The comparison to Animal Crossing: Pocket Camp is unavoidable because multiple outlets draw it from Nintendo’s recent mobile history. VGC notes that Animal Crossing: Pocket Camp received a premium offline version for fans after service ended, while Nintendo Everything says Mario Kart Tour’s closure is in contrast to Pocket Camp’s final “Complete” version. That does not prove Nintendo considered and rejected a similar product for Mario Kart Tour. It does, however, show that Nintendo has used an offline preservation path for at least one mobile game and is not announcing that path here.

IGN adds a preservation concern: without an offline edition, several Mario Kart tracks unique to Tour would become unplayable after the servers shut down. That point matters because Mario Kart Tour was not a tiny side app in mechanical terms. It carried mobile-specific tours, character and kart collecting, and a touch-oriented racing model that changed how Nintendo’s karting formula felt in short sessions. If no offline build arrives, the craft of those layouts and the rhythm of that version of Mario Kart become something players can only document from the live client before the end date.

A seven-year mobile run with a complicated legacy

IGN reports that Mario Kart Tour launched in September 2019 and will close after seven years of service. VGC says the game received new content for a little over four years before new additions were discontinued in 2023, excluding a later Sunshine Tour introduced to celebrate the release of Mario Kart World. That places this shutdown after a long tail rather than immediately after content support ended.

The game’s reputation was never simple. IGN notes that Mario Kart Tour was, for a period, extremely lucrative, but that its early financial success was marred by controversy over gacha-style mechanics used to unlock karts and characters. According to IGN, Nintendo replaced that system in 2022 with a more standard item shop and a subscription service. The current shutdown mechanics reflect that later structure: Ruby purchases are gone, shops remain relevant for spending existing currency, and Gold Pass is being flattened into an end-of-service benefit window.

There is also a broader platform story around Nintendo’s mobile catalog, though the sources stop short of giving Nintendo’s internal strategy. IGN says many of Nintendo’s smartphone games have been scrapped, while Fire Emblem Heroes, Super Mario Run, Pikmin Bloom, and an app called Pictonico! remain active in some form.
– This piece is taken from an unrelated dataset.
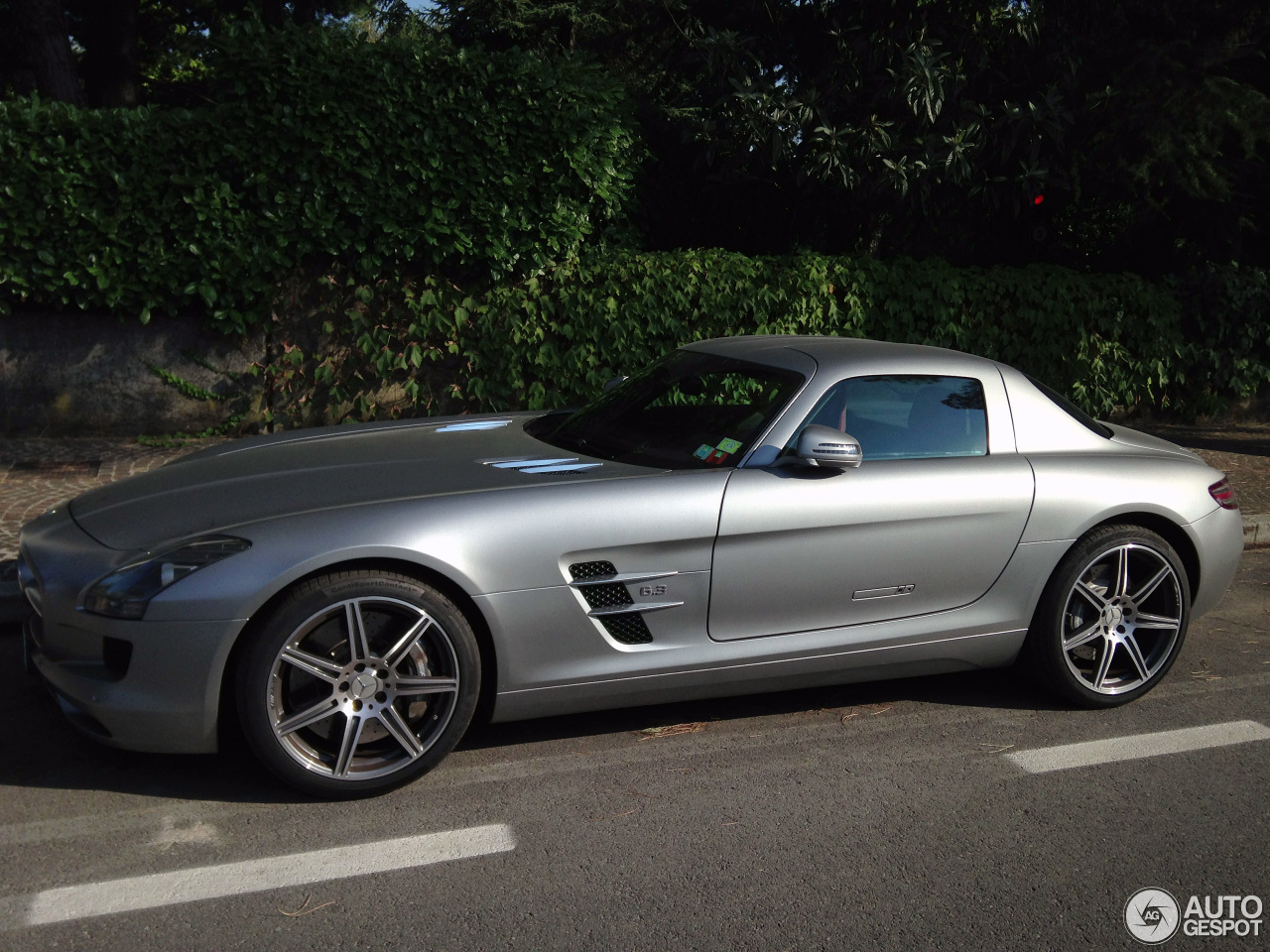 Mercedes-Benz SLS AMG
VGC and DayOne both point readers toward Mario Kart World as the currently supported Mario Kart entry, with VGC reporting that Mario Kart World continues to receive updates and got two new Knockout Tour races in a free update in early July 2026.

What remaining players should do before support is pulled

The useful checklist is short because Nintendo has made the end state clear. First, treat September 29, 2026 at 11:00 p.m. PT as the deadline for play, with the caveat that VGC’s cited timing says 22:59 PT and Nintendo Everything’s quoted notice says 11:00 p.m. PT. Do not plan around September 30 unless you are converting time zones, because the Pacific cutoff lands late on September 29.

Second, spend any remaining Rubies before the shutdown. Nintendo Everything reports that Ruby sales have ended, but existing Rubies can still be used in the Spotlight Shop, Mii Racing Suit Shop, and Coin Rush until service ends. There is no source-supported reason to save them past that point, because the game will no longer be playable and no offline version is planned.

Third, check your Gold Pass status, but do not expect to renew or start a new subscription. Nintendo says renewals and new subscriptions stopped during July 7 maintenance, according to Nintendo Everything. Existing eligible subscribers keep Gold Pass benefits, minus continuous-subscription benefits, through the end. Non-subscribers are due to receive Gold Pass benefits from August 4 until shutdown, according to VGC and DayOne.

Finally, if Mario Kart Tour has favorite tracks, loadouts, badges, Mii Racing Suits, or personal milestones you care about, capture them now. The sources do not mention an account export, archive tool, or offline viewer. With Nintendo saying the game will become unplayable and no offline version is scheduled, screenshots and video are the only preservation steps players can confidently take on their own before Mario Kart Tour ending becomes final.